TRY IT: What you return should be only the lines in the entries below between the one holding "maharashtra news No" and the one holding "John Cobb's 24", ends included, with every picture left out.

DATA SHOWN:
####

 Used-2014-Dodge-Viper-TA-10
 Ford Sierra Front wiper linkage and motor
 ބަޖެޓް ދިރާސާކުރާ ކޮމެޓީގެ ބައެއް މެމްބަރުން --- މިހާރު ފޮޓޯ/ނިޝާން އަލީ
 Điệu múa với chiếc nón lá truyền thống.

####

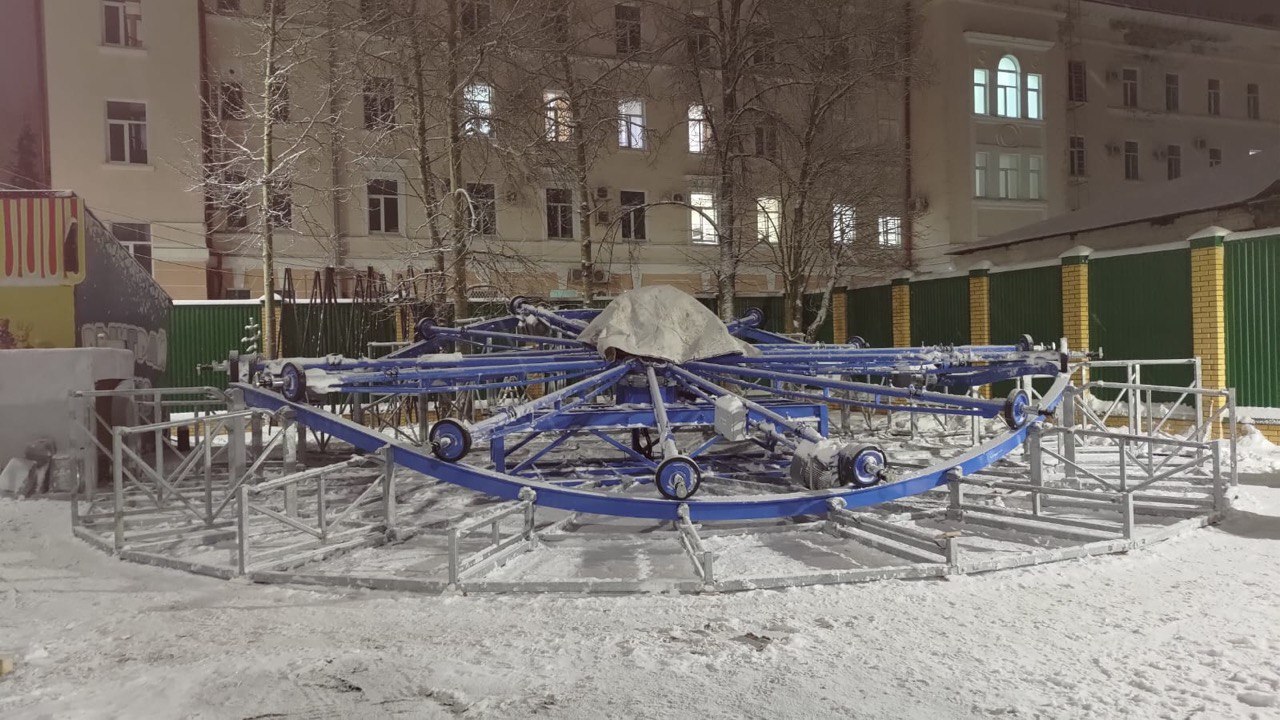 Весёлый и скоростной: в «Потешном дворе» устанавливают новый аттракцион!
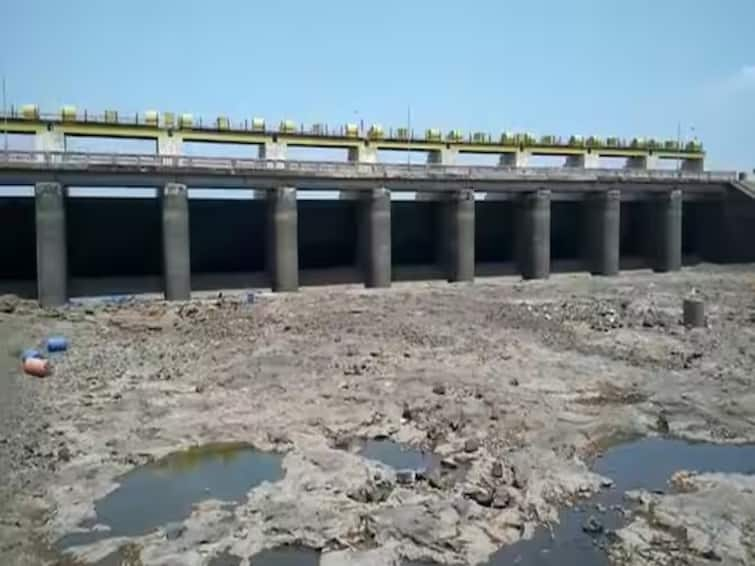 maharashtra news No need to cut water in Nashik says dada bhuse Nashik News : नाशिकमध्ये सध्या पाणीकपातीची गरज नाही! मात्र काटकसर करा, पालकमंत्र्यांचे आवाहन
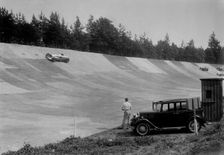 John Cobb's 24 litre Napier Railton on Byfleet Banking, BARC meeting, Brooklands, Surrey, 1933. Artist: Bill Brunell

####

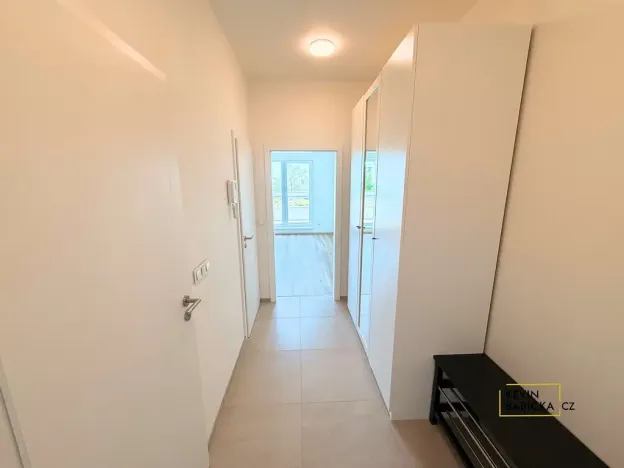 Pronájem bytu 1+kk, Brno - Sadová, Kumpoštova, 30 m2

####

RESPONSE TO THIS EXERCISE:
 maharashtra news No need to cut water in Nashik says dada bhuse Nashik News : नाशिकमध्ये सध्या पाणीकपातीची गरज नाही! मात्र काटकसर करा, पालकमंत्र्यांचे आवाहन
 John Cobb's 24 litre Napier Railton on Byfleet Banking, BARC meeting, Brooklands, Surrey, 1933. Artist: Bill Brunell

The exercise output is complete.